Son bölümlerinde Tokat'ta yapılan ve tüm halkı yasa boğan, halkın huzuruna ve barışa karşı yapılmış saldırıya ve ardından dün sonuçlanan DTP'nin kapatılma kararına dikkat çekilen açıklama, şu vurgularla son buldu: "Mübarek Kitabımız Kur'an-ı Kerim'de buyrulduğu gibi Müslümanlar ancak kardeştirler. Kardeşliğin pekişmesi de yine Allah'ın ipine sımsıkı sarılmakla ancak mümkün olabilecek bir şeydir. Allah'ın ipine sarılmak Müslümanların basiretlerini artırır, daha güçlü kılar ve ayakları yere daha sağlam basar. Allah'ın ipine sarılmak, Tevhide ve Adalete dayalı onurlu bir mücadelenin vazgeçilemez unsurlarındandır. Allah'ın ipine sarılmak; Ece Nur'a sahip çıkmak, Danıştay'ın baskılarına boyun eğmemek, her türlü baskı dayatma ve sindirme girişimlerine göğüs germek demektir. Allah'ın ipine sarılmak özgürlük bahçesine açılan kapıdır."

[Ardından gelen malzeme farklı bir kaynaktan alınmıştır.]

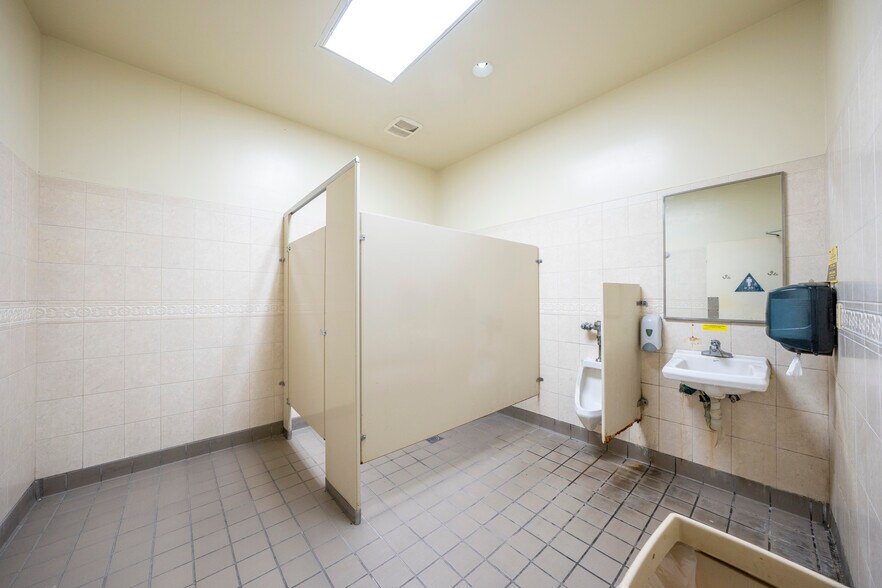 More Photos Of 429 S Palm Ave, Alhambra Food Processing For Sale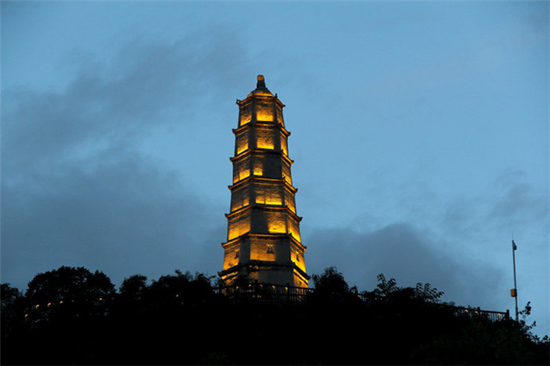 安顺八珍:城市画廊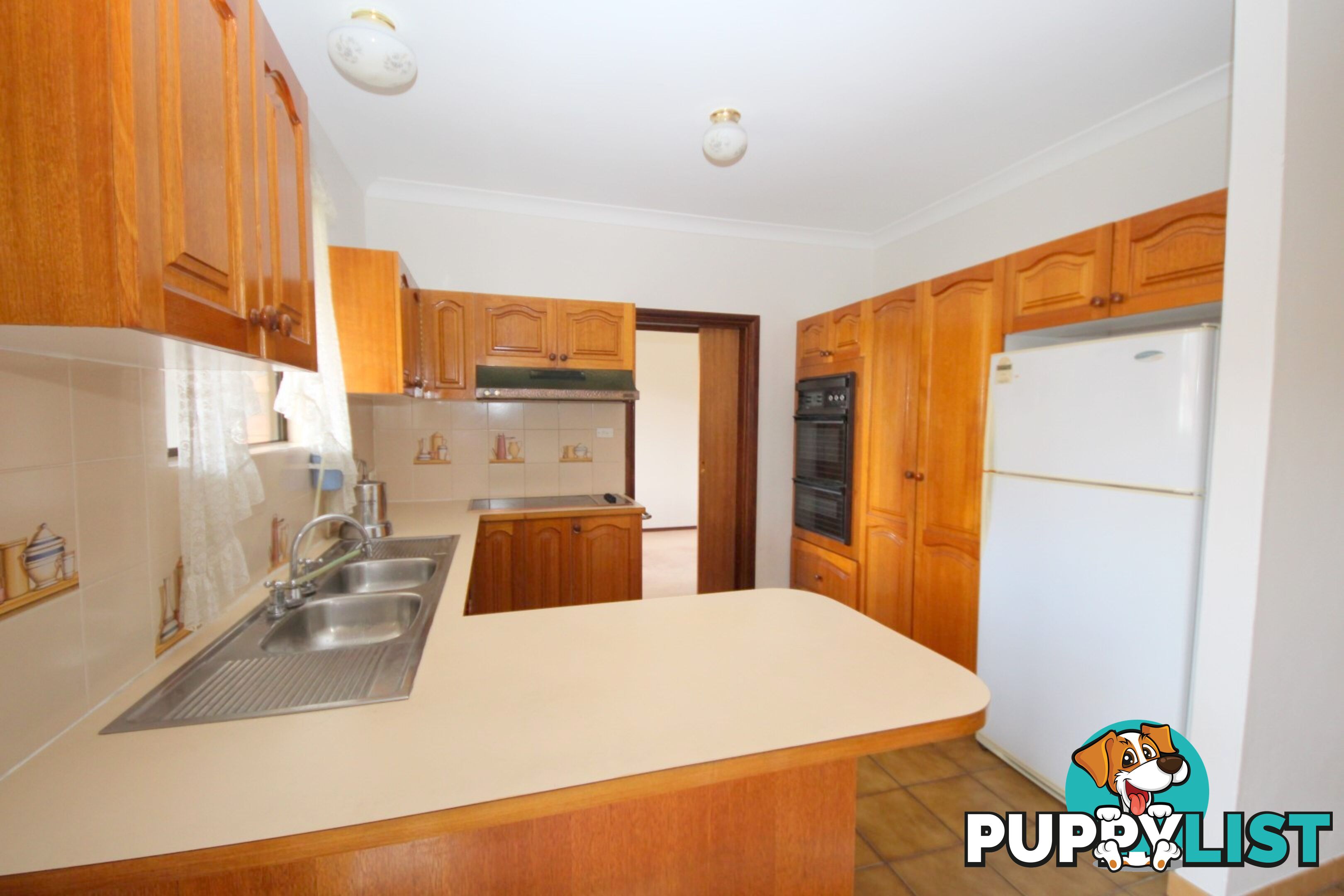 79 Sturt Avenue GEORGES HALL NSW 2198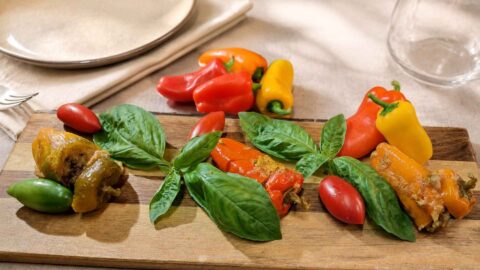 Peperoni baby ripieni vegetali in salsa di datterino giallo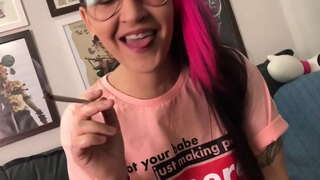 Stoner Meisie - Mila Spook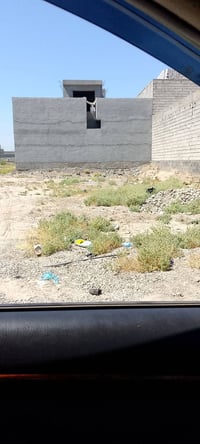 قطعة أرض • نهايه السايدين • قريبة مدرسة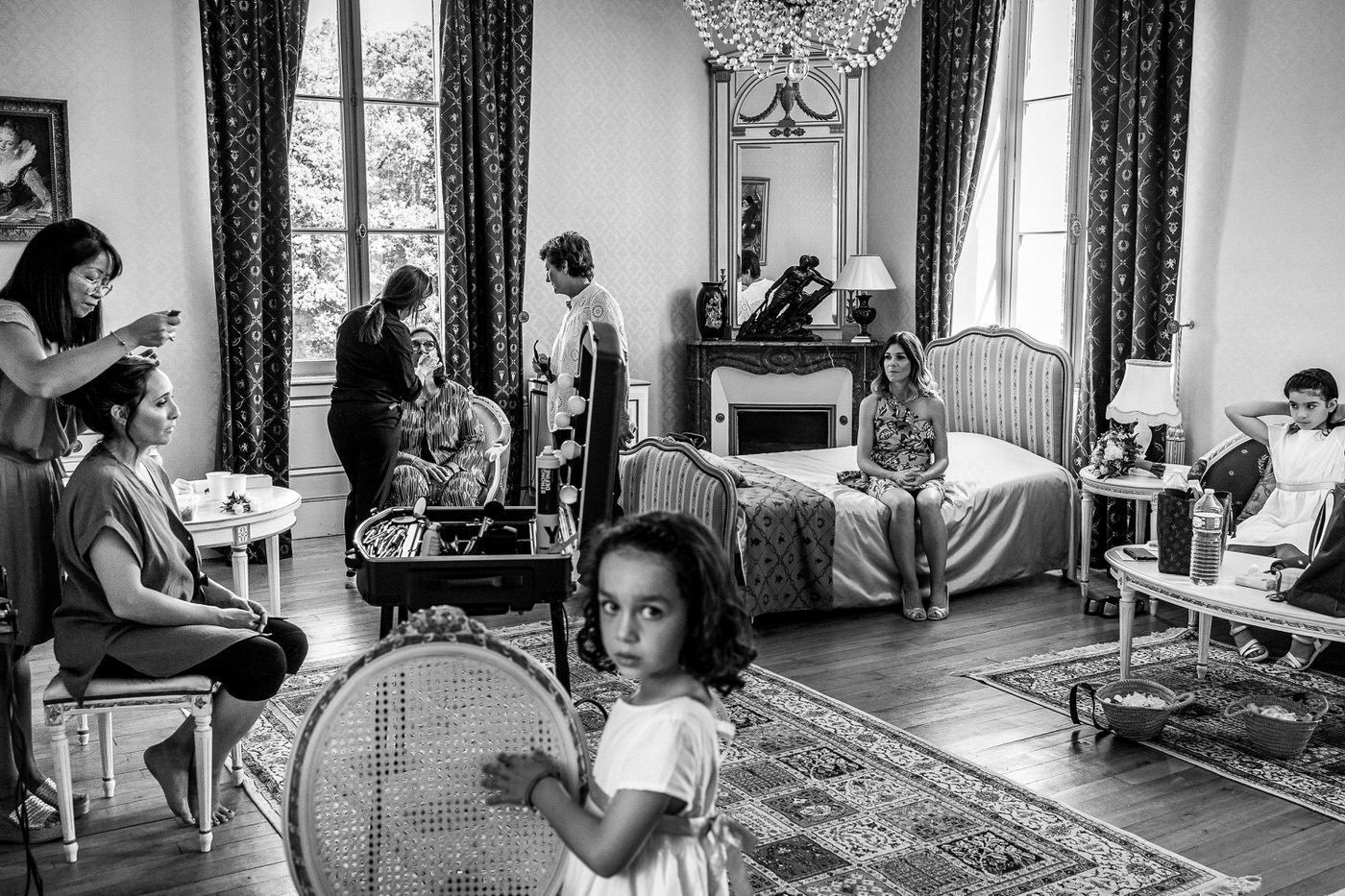 détails de la mariée - reportage photo de mariage ile de france - chaussures de la mariée - photos préparatifs de mariage - photographe mariage seine et marne - photographe fontainebleau - lucie atlan photographe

Basın açıklamasında "Tevhid Adalet Özgürlük", "Zulme Karşı Direniş; Herkes İçin Adalet" ve "Ulusçu Dayatmaya, Kışla Tipi Eğitime, Başörtüsü Yasağına HAYIR!" pankartları açan katılımcılar, açıklama boyunca "Danıştay; Halkın İradesini "Kafes"leyemez !", "Katsayı Zulmüne Başörtüsü Yasağına HAYIR!", "Brifingli Yargının Kararını Tanımıyoruz; Katsayı Zulmüne HAYIR!", "Başörtüsü Açılımı: Ya İkna, Ya Sürgün", "İnancına, Örtüne, Kimliğine Sahip Çık! ", "Ece Nur'a Sahip Çık!" ve "Buzdağının Görünen Yüzü: Danıştay" vb. dövizler taşıdılar. Açıklamada "Direne Direne Kazanacağız", "Danıştay Halkı Kafesleyemez" ve "İnancına Örtüne Ece Nur'a Sahip Çık" sloganları atıldı.